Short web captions
--*--

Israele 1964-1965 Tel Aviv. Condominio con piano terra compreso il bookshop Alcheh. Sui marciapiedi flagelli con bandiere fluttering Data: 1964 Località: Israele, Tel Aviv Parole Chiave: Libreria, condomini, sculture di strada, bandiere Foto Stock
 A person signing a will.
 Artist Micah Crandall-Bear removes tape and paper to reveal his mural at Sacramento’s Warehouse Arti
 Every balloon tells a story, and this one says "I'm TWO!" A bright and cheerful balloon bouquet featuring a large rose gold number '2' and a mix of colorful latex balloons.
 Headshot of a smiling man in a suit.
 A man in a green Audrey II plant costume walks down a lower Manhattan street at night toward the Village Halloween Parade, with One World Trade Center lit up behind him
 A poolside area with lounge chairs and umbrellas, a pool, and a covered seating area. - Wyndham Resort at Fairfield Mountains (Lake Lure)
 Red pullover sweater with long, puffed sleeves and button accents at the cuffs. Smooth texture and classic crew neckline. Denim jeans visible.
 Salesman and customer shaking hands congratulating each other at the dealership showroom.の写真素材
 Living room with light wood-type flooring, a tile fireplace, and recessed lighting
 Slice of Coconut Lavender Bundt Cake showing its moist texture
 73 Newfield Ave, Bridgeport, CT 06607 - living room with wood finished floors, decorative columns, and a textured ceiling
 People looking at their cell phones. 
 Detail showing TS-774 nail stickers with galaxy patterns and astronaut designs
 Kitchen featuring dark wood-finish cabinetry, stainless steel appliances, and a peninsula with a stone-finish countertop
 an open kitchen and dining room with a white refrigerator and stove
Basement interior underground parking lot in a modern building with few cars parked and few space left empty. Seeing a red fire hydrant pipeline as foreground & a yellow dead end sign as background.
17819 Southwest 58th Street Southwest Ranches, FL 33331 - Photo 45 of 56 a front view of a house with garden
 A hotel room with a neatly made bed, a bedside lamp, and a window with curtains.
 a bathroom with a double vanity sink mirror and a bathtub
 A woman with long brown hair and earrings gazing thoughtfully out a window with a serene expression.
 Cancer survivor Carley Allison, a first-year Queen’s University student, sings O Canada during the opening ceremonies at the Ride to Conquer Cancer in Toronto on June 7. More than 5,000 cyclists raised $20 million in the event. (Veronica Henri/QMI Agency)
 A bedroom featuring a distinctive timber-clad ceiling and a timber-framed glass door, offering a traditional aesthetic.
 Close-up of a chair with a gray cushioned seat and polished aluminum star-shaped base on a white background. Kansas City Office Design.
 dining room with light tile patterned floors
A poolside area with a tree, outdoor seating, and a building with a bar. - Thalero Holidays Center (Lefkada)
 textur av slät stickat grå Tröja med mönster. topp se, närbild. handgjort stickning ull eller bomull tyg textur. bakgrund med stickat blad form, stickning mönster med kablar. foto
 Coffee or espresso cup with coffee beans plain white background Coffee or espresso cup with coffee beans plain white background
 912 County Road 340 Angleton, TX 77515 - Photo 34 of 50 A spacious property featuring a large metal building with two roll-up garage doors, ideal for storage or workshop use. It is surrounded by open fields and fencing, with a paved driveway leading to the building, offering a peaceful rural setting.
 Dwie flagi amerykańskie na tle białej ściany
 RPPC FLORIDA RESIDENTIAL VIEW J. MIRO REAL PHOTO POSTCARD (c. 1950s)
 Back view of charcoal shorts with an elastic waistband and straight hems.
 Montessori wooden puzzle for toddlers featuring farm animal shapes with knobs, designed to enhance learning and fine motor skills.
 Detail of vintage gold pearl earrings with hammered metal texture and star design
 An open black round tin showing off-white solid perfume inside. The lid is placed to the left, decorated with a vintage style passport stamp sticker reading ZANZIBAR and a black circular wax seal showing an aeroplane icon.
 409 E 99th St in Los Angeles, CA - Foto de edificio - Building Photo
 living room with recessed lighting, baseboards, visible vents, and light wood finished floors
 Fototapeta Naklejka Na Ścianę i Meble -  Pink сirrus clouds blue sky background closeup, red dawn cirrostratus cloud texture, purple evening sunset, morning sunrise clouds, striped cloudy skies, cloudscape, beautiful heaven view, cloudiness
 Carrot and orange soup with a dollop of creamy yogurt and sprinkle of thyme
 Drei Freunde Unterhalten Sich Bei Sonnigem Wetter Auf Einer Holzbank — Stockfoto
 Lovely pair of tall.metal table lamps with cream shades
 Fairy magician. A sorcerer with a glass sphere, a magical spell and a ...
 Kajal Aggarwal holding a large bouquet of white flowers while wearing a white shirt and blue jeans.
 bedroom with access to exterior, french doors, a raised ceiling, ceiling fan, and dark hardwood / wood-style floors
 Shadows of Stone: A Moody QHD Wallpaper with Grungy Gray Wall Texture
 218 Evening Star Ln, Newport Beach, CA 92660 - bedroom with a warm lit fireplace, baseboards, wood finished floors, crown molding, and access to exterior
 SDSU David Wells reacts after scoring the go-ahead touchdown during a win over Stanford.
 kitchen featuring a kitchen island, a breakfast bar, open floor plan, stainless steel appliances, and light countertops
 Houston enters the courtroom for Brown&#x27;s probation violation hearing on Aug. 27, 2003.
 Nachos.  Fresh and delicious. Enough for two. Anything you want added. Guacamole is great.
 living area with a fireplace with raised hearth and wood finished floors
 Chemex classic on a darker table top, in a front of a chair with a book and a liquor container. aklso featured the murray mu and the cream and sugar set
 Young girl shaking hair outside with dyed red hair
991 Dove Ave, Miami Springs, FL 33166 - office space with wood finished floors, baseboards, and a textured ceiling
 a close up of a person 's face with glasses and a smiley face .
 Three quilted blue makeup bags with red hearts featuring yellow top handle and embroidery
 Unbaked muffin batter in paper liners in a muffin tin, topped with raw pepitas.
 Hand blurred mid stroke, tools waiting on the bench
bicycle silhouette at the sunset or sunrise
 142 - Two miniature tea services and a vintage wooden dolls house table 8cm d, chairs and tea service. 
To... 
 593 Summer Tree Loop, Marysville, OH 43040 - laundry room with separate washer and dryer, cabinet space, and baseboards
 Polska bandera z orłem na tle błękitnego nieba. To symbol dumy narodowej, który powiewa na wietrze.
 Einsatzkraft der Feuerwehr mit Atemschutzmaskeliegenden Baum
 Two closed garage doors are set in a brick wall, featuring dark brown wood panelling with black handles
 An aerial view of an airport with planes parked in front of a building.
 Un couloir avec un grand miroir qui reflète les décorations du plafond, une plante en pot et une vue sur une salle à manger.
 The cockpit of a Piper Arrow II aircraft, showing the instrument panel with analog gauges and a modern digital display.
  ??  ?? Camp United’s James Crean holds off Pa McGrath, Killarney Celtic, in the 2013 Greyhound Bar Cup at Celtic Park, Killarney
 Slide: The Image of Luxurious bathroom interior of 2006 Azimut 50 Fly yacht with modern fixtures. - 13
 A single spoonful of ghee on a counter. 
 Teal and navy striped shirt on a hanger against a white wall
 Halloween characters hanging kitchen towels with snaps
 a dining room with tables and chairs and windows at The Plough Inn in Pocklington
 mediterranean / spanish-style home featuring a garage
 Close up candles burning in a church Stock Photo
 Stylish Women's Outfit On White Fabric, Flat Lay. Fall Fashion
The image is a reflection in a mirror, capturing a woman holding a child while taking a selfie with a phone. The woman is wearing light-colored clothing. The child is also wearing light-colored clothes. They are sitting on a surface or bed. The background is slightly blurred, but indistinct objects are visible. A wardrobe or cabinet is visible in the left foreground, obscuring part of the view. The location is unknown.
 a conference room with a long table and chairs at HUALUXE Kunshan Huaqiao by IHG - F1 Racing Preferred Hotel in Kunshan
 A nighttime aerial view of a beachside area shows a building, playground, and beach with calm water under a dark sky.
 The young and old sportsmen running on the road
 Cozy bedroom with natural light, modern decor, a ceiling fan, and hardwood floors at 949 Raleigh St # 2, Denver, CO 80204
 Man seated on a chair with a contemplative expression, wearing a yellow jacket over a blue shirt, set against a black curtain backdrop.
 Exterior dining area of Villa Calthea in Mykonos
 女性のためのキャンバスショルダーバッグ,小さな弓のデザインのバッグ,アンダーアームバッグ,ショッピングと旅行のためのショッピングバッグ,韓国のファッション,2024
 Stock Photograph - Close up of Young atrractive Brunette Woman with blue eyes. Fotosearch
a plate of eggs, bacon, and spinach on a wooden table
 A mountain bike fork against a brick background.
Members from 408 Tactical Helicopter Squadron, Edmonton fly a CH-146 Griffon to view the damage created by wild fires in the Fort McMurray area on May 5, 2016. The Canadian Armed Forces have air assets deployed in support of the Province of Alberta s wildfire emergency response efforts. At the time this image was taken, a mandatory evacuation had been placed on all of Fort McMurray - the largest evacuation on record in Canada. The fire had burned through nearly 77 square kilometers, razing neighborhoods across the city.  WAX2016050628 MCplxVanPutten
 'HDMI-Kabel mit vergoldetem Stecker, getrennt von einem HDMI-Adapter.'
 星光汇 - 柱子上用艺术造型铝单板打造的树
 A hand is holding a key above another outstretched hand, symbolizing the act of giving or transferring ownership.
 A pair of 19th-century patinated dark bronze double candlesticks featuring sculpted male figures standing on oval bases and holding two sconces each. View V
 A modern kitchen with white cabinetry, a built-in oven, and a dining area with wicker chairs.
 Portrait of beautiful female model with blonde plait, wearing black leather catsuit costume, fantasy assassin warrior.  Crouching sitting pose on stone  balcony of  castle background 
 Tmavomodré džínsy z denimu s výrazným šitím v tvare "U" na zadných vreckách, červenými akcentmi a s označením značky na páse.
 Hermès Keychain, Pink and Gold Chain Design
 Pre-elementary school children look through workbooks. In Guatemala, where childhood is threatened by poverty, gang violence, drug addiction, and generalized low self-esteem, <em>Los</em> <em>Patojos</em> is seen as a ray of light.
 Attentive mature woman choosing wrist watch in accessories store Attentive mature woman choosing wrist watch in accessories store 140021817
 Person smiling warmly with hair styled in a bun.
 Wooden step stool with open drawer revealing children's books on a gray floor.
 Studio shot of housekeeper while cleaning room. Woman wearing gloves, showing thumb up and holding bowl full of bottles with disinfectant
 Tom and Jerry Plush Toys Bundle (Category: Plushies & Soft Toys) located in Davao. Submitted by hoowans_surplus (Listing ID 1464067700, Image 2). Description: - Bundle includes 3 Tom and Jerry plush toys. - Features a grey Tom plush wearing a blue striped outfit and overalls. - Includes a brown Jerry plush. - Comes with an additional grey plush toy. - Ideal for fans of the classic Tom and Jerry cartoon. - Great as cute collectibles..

--*--

What you have to do: The response must consist of the lines above, from the first one through the line containing "Artist Micah Crandall-Bear", reproduced exactly.

Your solution:
Israele 1964-1965 Tel Aviv. Condominio con piano terra compreso il bookshop Alcheh. Sui marciapiedi flagelli con bandiere fluttering Data: 1964 Località: Israele, Tel Aviv Parole Chiave: Libreria, condomini, sculture di strada, bandiere Foto Stock
 A person signing a will.
 Artist Micah Crandall-Bear removes tape and paper to reveal his mural at Sacramento’s Warehouse Arti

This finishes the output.